私が担当した「令和5年度23号中勢道路建設工事」は、国道23号中勢バイパスの本線開通後の整備を中心とした道路改良工事ですが、御薗地区については、バイパスを建設する際に出た残土を除き、地権者に返却する借地(田んぼ)の整地工でした。
DX推進室にUAVによる出来形測量、土量算定をお任せしたところ、「TREND-POINT」を使い、出来形を表す点群データと設計データの差異が規定値に対してどの程度収まっているかをグラデーション(段彩)で表現し、3Dで確認することができました。ただ数値を伝えるのではなく、「ここからここの部分に勾配がかかっている」といった状況を、 地主さんや発注者に対してデータとして見える化したことで、発注者も「見やすいね」と納得してくれました。一目見てわかる資料を作ってもらえるので、特に発注者側からは大変好評でした。

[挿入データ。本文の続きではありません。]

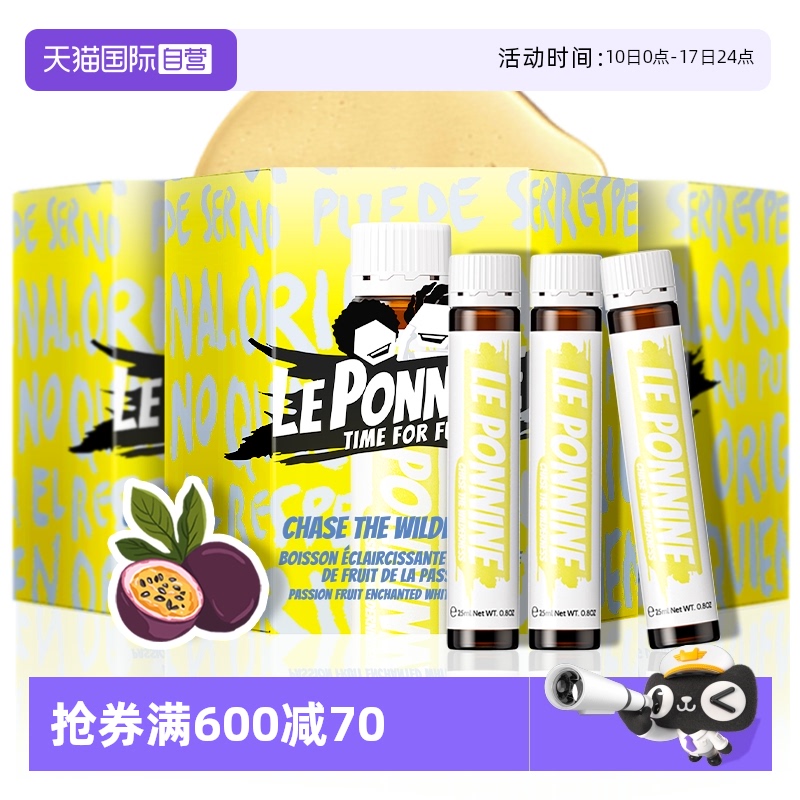 【6周喝出素颜发光肌】立减287元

山下:自分自身が現場技術者だったころ、新しいDXツールをメーカーの担当者に勧められても、日々の業務に追われ、「面倒なので結構です」とお断りせざるを得ませんでした。正直に言うと「いつも通りのやり方が楽だから」と思っていました。今はそうした現場経験をもとに、技術者の悩みを解消できるようなDXツールについて勉強し、〝押し売り〟にならないように現場の声を聞きながら導入提案することを重視しています。スムーズに新技術を導入するためのハードルを下げることが大切です。ニュンさんらが新しいツールのセットアップを担うため、技術者にとっては負担がないまま、気軽に新しいツールに触れて試すことができます。

玉田:新技術の勉強に充てる時間を捻出するのが難しく、本当にありがたいと感じています。現場に足しげく通って現状の課題を洗い出してもらえますので、こちらも納得の上で新技術を活用できます。会社全体にDXを定着させるには、こうしたアナログな過程も不可欠ですね。私が担当する現場では、DX推進室と相談しながら、デジタルデータを活用した鉄筋出来形計測にもトライしました。構造物の鉄筋組み立て時に、タブレットで撮影した写真を画像解析し、鉄筋径や配筋間隔を自動で計測します。データをクラウドで共有することで、検査をリモート化し、省人化・省力化を実現することができました。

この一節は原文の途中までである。